→ **How to complete this task**: Restate, exactly as written, the entries below from the line that holds "Leather Belt - Western" through the line that holds "Bird Cage Feeder". Pictures are not part of the copy.

→ **Supplied material**:
※ ※ ※

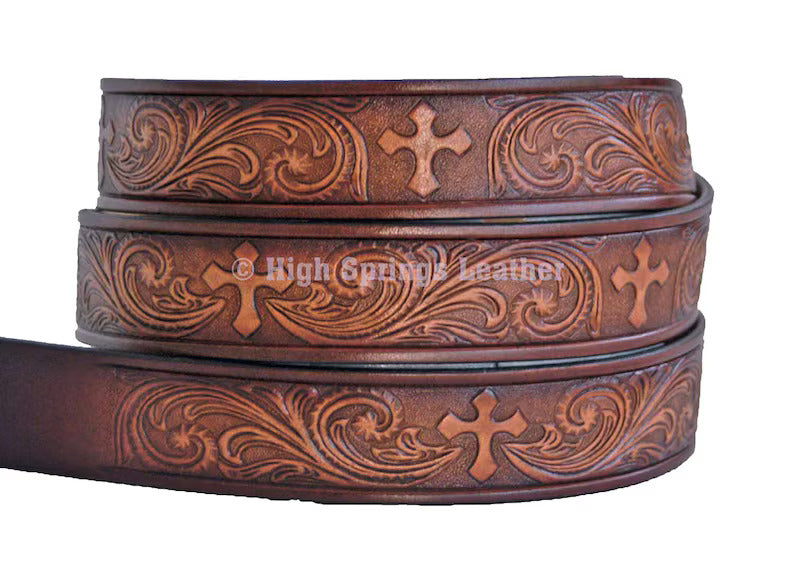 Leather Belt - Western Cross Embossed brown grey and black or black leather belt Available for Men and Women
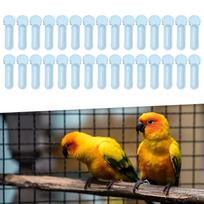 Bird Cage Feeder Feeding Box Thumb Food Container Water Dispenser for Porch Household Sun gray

※ ※ ※

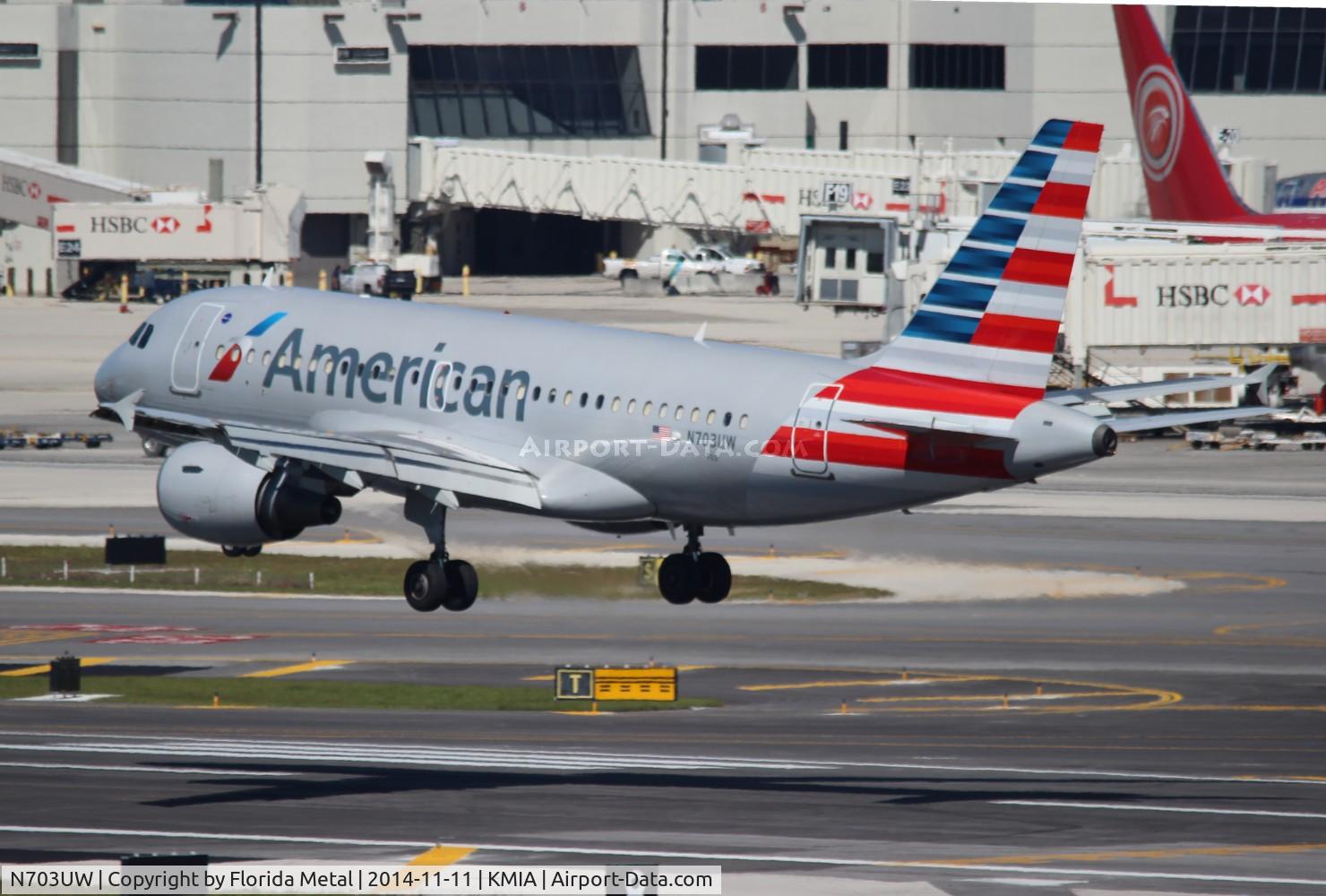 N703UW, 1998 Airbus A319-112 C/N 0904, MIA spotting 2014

※ ※ ※

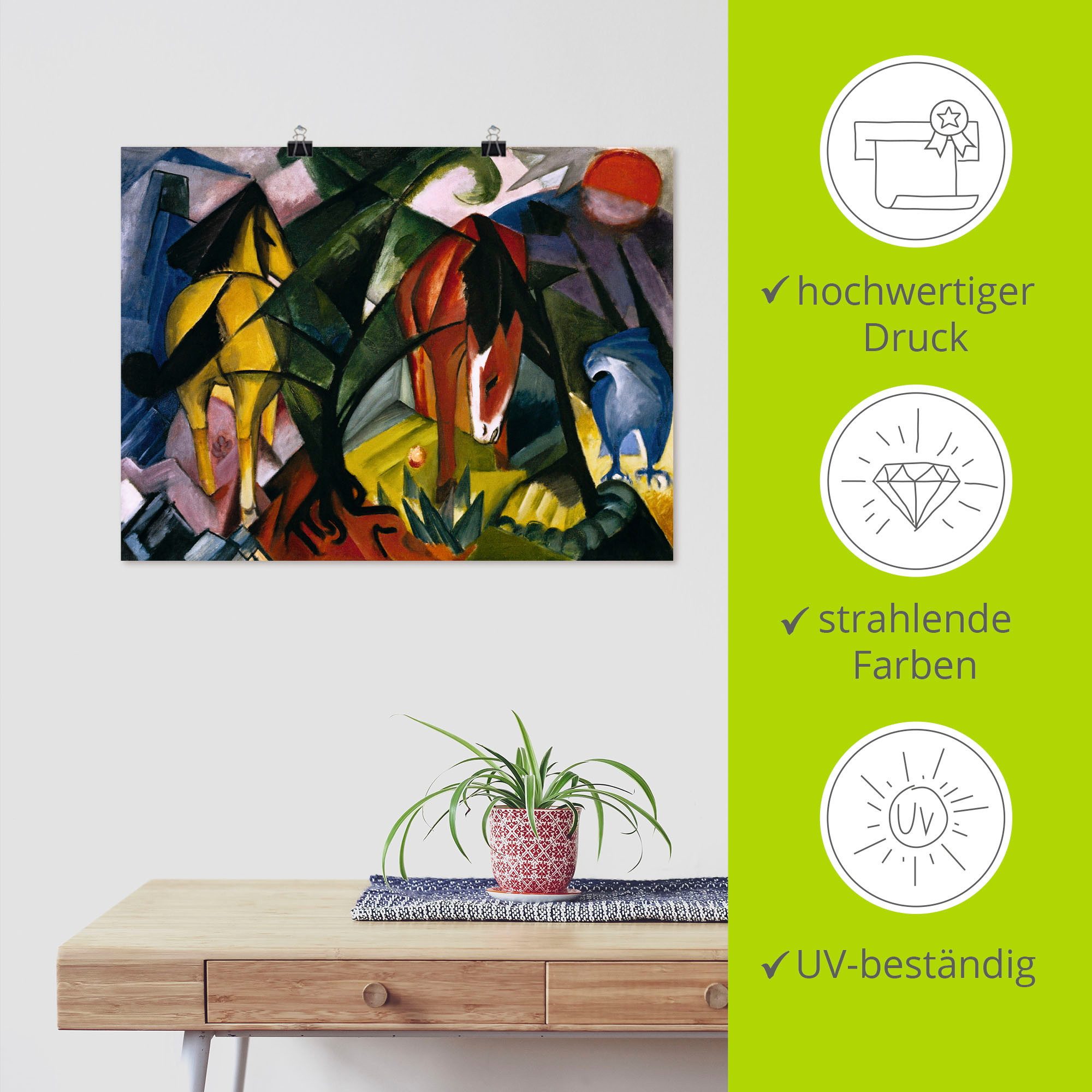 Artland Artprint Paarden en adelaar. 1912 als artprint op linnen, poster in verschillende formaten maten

※ ※ ※

→ **Worked solution**:
 Leather Belt - Western Cross Embossed brown grey and black or black leather belt Available for Men and Women
 Bird Cage Feeder Feeding Box Thumb Food Container Water Dispenser for Porch Household Sun gray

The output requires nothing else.